Taking a chance on tech

Above: Vasha Mano, Idris and Meera Raja (centre, in yellow) confer on the floor of the first Tech Expo on Sunday. All photography by Mark Lyndersay.

BitDepth#1054 for August 16, 2016

Idris and Meera Raja were sweating and walking briskly back and forth on a quiet Sunday morning as tables are being covered with crisp cloth, and goods are carefully unpacked from dozens of cardboard boxes.

It’s the first of four Tech-Expo events that the couple, working with sleeping partner Vasha Mano, are introducing to the local market and with steady rain and competition from the Olympics, the couple are visibly nervous about their first event in Trinidad.

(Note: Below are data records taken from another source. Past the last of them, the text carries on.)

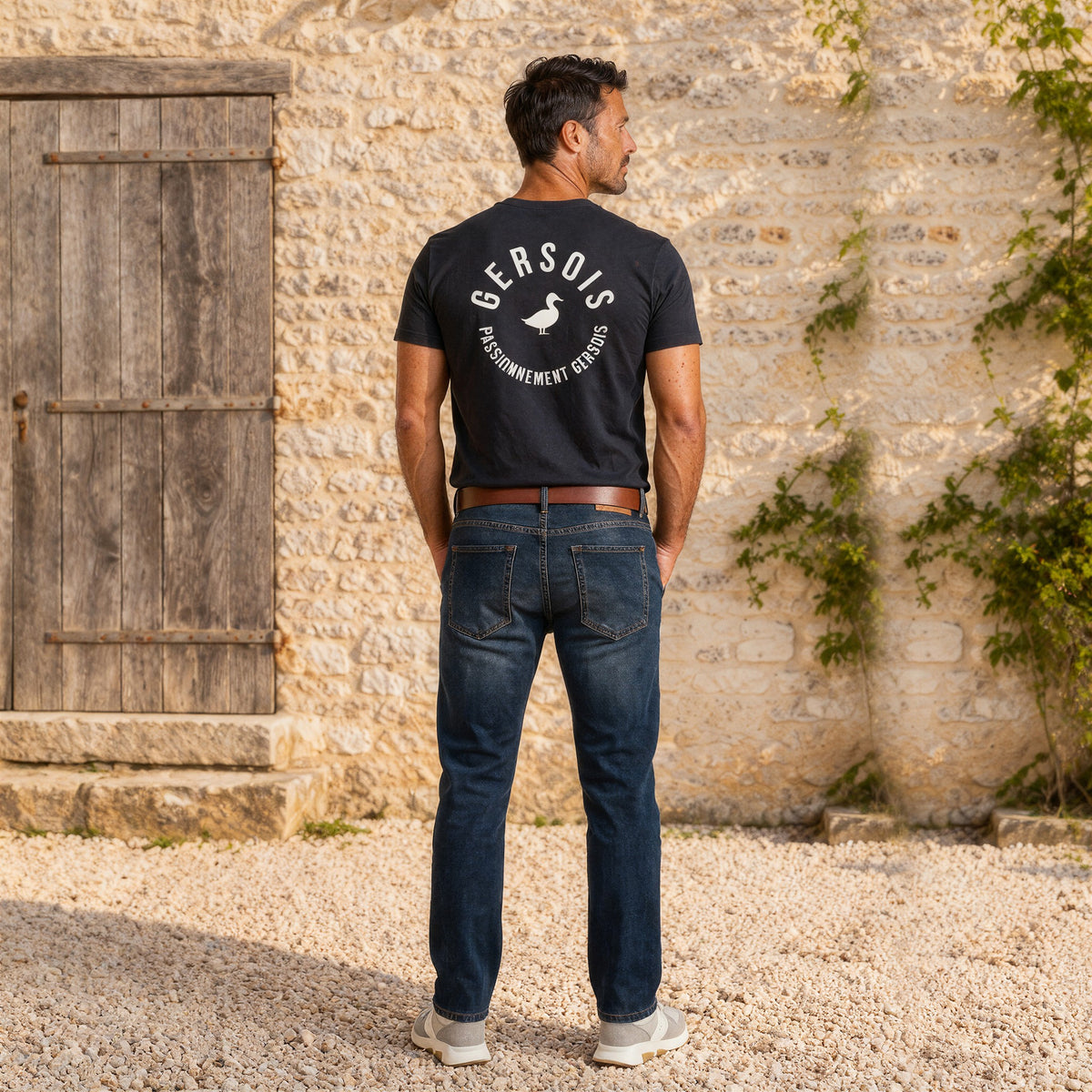 T-shirt Signature Terroir Gersois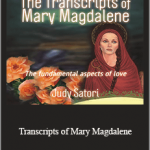 Judy Satori - Transcripts of Mary Magdalene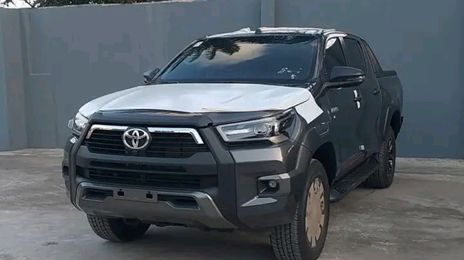 Toyota Hilux • 2018 • 0 km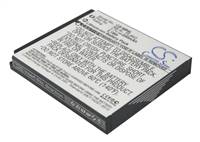 Battery for Canon IXUS 100 30 40 50 60 65 70 75 80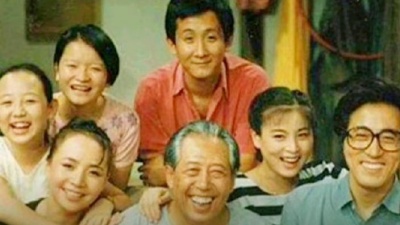 别捏我小肥脸哦 - #你是我的家#30年前大型情景剧#我爱我家#片尾曲#内地经典流行歌曲#戴娆#粉丝点播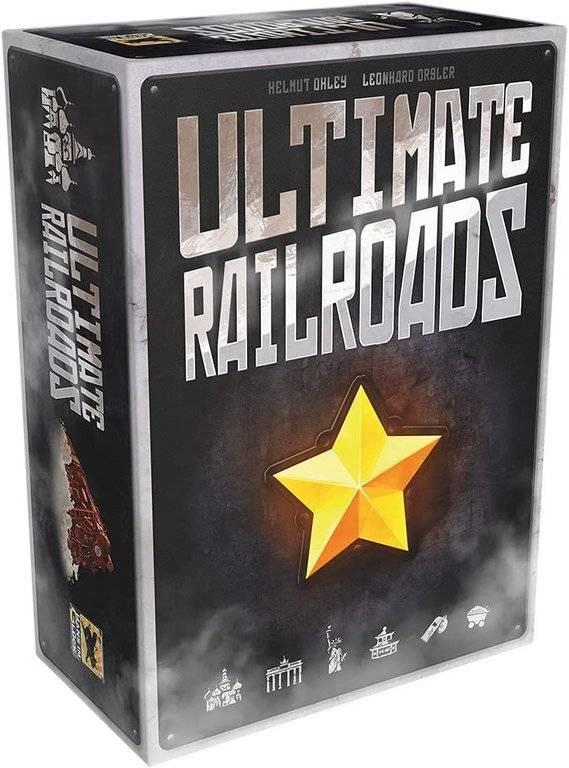 Ultimate Railroads EN
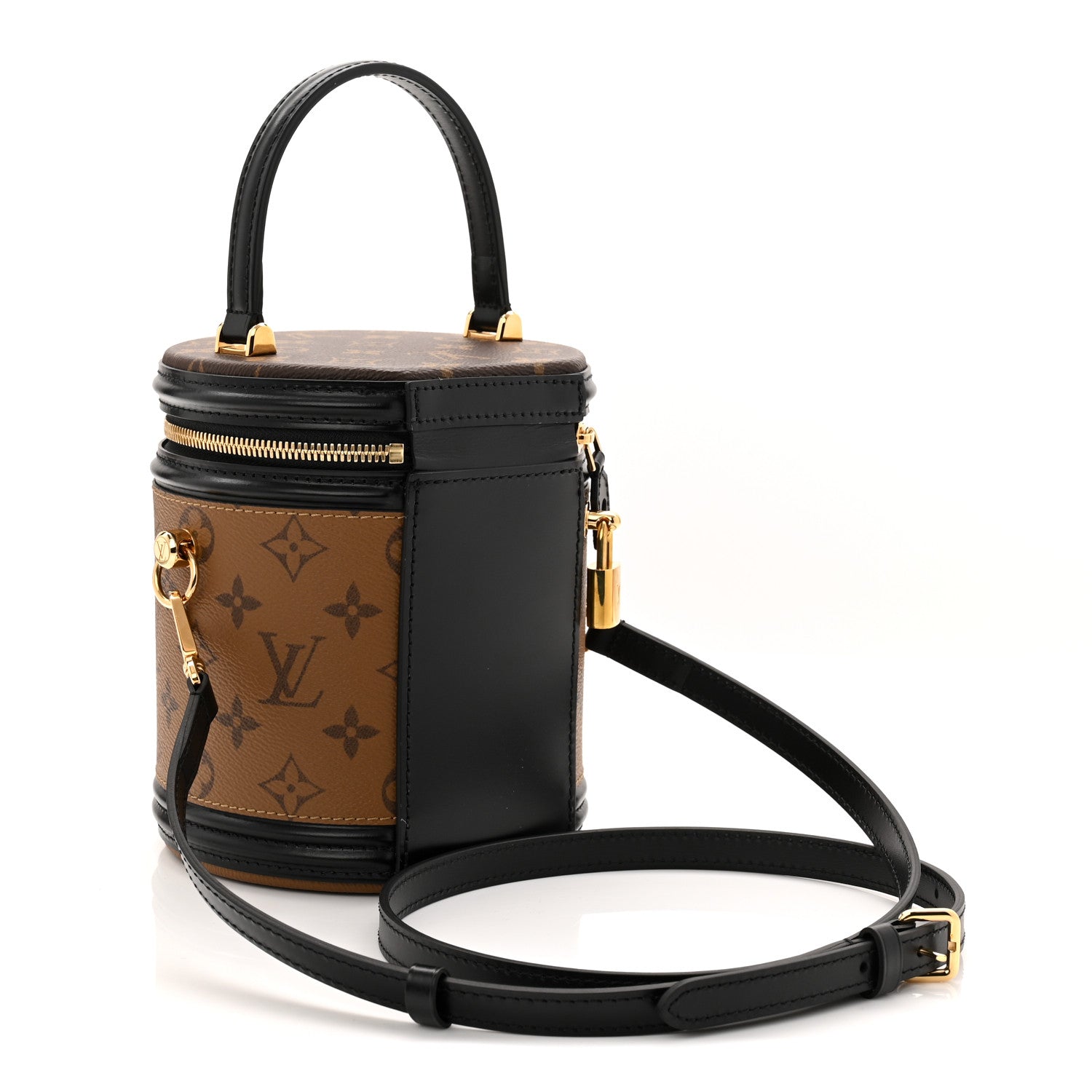 Louis Vuitton Reverse Monogram Cannes 3 of 9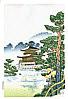 Nisaburo Ito 1910-1988 - Golden Pavilion - artelino Art Auctions. Nisaburo Ito 1910-1988 - Golden Pavilion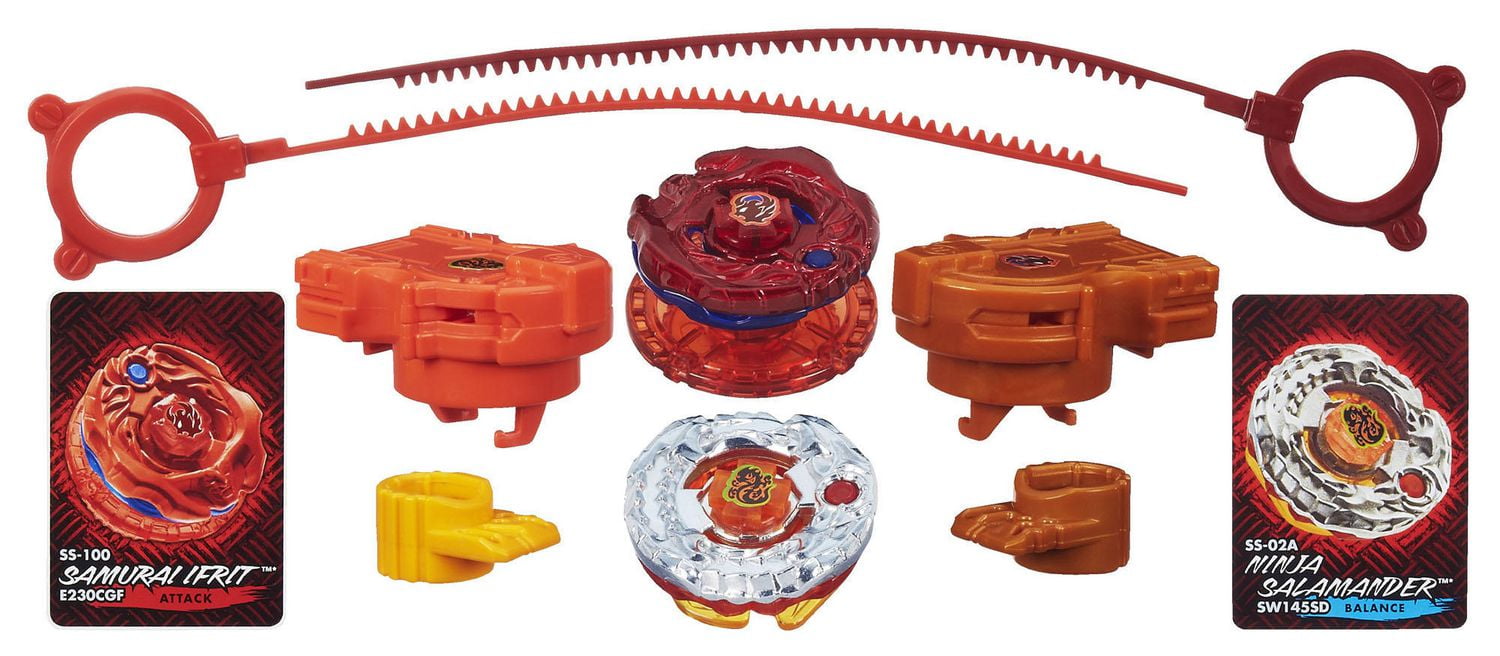 Beyblade Samurai Ifrit E230GCF Attack Top Walmart Canada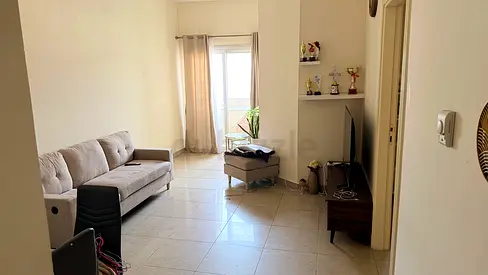 Furnished 1 bhk available with two wash room for 3 month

The four events began at the Woodbrook Youth Facility on Sunday, and the others are scheduled at various key cardinal points in Trinidad over the next three weeks.

They’ve walked a long road to the popular community centre from their participation at weekly Sunday fairs in the UK and their positive experiences there informed the decision to take a huge gamble on the success of the Tech-Expo series.

Idris Raja is a computer technician and in England, he bought insurance salvage computers by the thousands, repairing the systems that could be returned to service and stripping the others for parts.

When he came to Trinidad, he found none of the support systems that made that business possible and had to import many critical parts.

“In Trinidad there needed to be a marketplace for technology,” he said. 

“There should be a weekly event happening somewhere in the country where people can try out new products and vendors can see where there’s interest and plan their purchasing accordingly.”

It seemed a sensible idea, and the team began planning in April, first cobbling a name together out of their initials, those of one son and a pet.

“Things aren’t as easy as they seem,” Meera Raja said, more than a bit ruefully, “and I take my hat off to people who do this kind of thing.”

“The vendors though, are such wonderful people to deal with.”

“Advertising was the biggest cost. We did electronic billboards, two weeks of ads. We aren’t going to make money off the first four or even the first eight, but we do plan to make money. The first thing, though, is to build a community.”

“There’s no way we’re making our money back,” her husband agrees, “but it’s a chicken and egg thing. You have to do it so people see that you’re serious and that you deliver what you promise.”

“It was meant to be just one little show,” Meera Raja explains, “but when we looked at the costs, it made more sense to just work on doing the four as a series.”

The event on Sunday offered hard driving music from key sponsor Slam 100.5FM and a range of products, many only tangentially techy, like comics and genre toys and books and some completely unrelated, like costume jewelry and Trini rocks, stones painted with witty sayings.

“I’m the wife of a techie,” Meera Raja admits, “and I can’t swoon over a graphics card for half an hour, so I wanted stuff that would appeal to everyone.”

“When people come, especially on a Sunday, they come with their families and we wanted it to be a complete experience.”

The next Tech Expo event is on August 28 in Chaguanas. Next week’s event in San Fernando has been rescheduled to a date and venue to be announced. Visit the project’s website for up-to-date information.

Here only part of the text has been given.